O morro da casa grande

14. Debaixo do pontião

Dílson Lages Monteiro

Custódio punha a mão sobre a testa, inclinava levemente o rosto para o chão e confabulava consigo, em silêncio que barulho nenhum interrompia, ou falando a si mesmo em voz baixa, espécie de desabafo, sempre que a imagem de Izabel lhe ocorria. Os urubus em volta do que um dia fora um amor de pessoa. Não esquecia a cena e evitava passar pelos caminhos do Junco.

 

Quando decidiu cessar as buscas, flertou o brilho fosco da lua e tratou de reunir os homens -  precisavam descansar um pouco para reiniciar a procura sob a luz da manhã; afinal, vasculharam cada grão de areia e cada moita, e entre a Aurora e a Renascer, o homem não estava. Ia ter com Marieta, levar conforto e reacender nela a esperança de Cremílson vivo, ainda que nisso não cresse.

 

O que diacho de fato acontecera? Alguma onça sedenta e faminta talvez se saciara... As onças andavam aos bandos, querendo água, querendo carne, todos os anos, assim que os córregos minguavam. A sede e a fome tão grandes, e tão escassos a água e os alimentos que as pintadas encontravam nos açudes e nas cacimbas da região, assim como nos bichos, à beira das grotas, a oportunidade de se saciar. O velho Abelha localizara duas boiando na cacimba do quintal de casa . “Tentando beber se afogaram”,  repetia, segurando o toco de cigarro no canto da boca. Passado o susto, não tirava a cartucheira das costas... presente do coronel Alberto, em boa hora. 

 

Custódio estava confuso. Em que pensar diante do insucesso das buscas? Não remoia nem mais uma gota de fé em suposto assassino se denunciar, caso  tivessem deveras assassinado o homem como presumira.  Assassino entre os agregados era hipótese descartada.

 

Atendendo às ordens do patrão, Genésio reunira todos os agregados. Em fila, de foices em mãos, a pé, seguiam Custódio montado no alazão, em cujas pegadas estava tubarão; cachorro de caça, cachorro de guarda. Tão afeiçoado ao dono que uivava para não dormir nas calçadas da casa grande... uivava uivos de desespero que logo silenciavam, graças às reses no morro a entretê-lo... 

 

Rumavam para a Cigarra, ora em silêncio maior que  tarde de sol a pino, ora numa boataria que mais parecia as preces que faziam os romeiros da região, ano-a-ano, na estrada do Juazeiro de Padim Ciço. Rumavam quando uma voz mais alta se pronunciou, apressada para falar antes que o povo se dispersasse:

 

- Genésio, homi, Cremílson num saía da beira de potião pescando quando eles tavam rasos pra peixe. A água nessas grotas ta rasinha, rasinha.
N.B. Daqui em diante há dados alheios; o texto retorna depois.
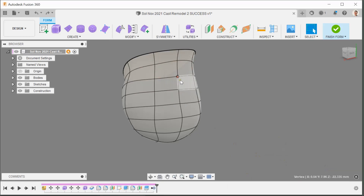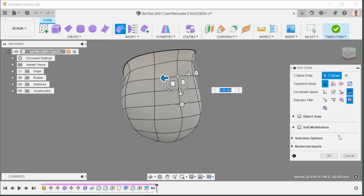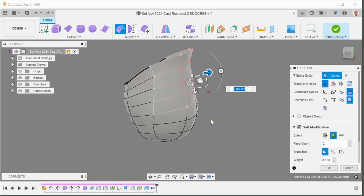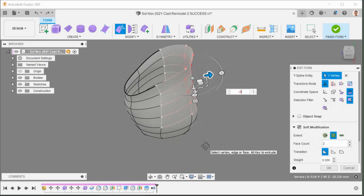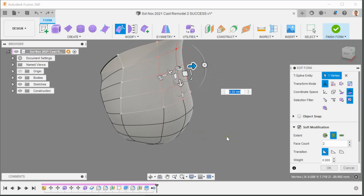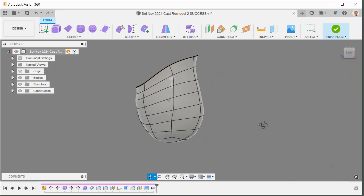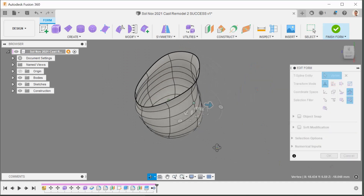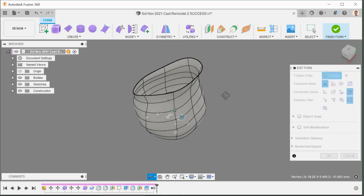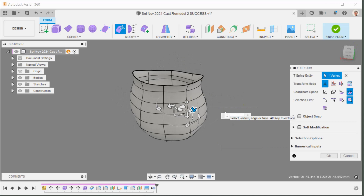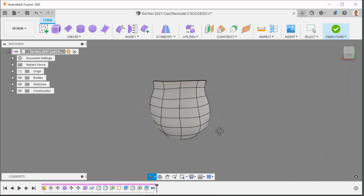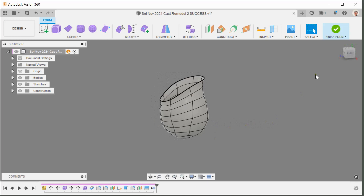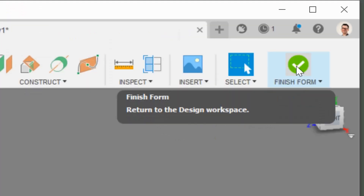I click OK, select the point again, go through the whole process with Soft Modification on, and enter minus 2 millimeters. Then I'm also going to change the second point — minus 1 millimeter.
O homi não tará debaixo de um? – interpelou Chico Pereira, acrescentando – Será que num tá debaixo daquele ali?

 

Genésio, atento à expressão de espanto do coronel, pediu que Pereira fosse até o pontilhão a uns vinte metros adiante.

 

- Taqui o homi, coronel. Taqui! Tá morto, enroscado na rede de pesca, coberto de salsa, disse Chico, tremendo o canto dos lábios, arrastando logo o corpo para a margem da rodagem.

 

Os agricultores se entreolharam e, atendendo a ordem de Genésio, que se afastara do corpo, para melhor analisar a situação, em meio aos gritos de “cabra safado”, de “assassino”, cercaram Pereira, que nada disse. Apenas olhou para o coronel, que chorava ao lado do corpo de Cremílson. O golpe certeiro cortara de morte o pescoço. Nem ao menos chance de defesa tivera. Covarde, covarde como todo criminoso.

 

Assim as horas que se antecederam ao olhar de Custódio, agora fixo nas paredes do cemitério e nos espaços restantes para mais uma cova; as horas antes do encontro entre Coronel e Marieta, na porta da Cigarra, para anunciar a vontade de Deus.

 

...

 

Custódio vivia na companhia de Cremílson e se recordar dele naquela situação era sentir a própria mata sangrar. Cremílson se confundia com o assobio das palhas no alto das palmeiras, com o assobio da curva na montaria do horizonte, com a lembrança da estrada – a que toda tarde se despedia do clarão do céu quando o filho de Marieta tomava o caminho da Cigarra. Cremílson era o homem distanciando-se da quitanda, misturando-se à escuridão  em sua confusão de sons e incertezas.

 

Que preparassem a cova! Estava escrito!

 

 A noite ia encorpando-se. Maior que o coração do desejo.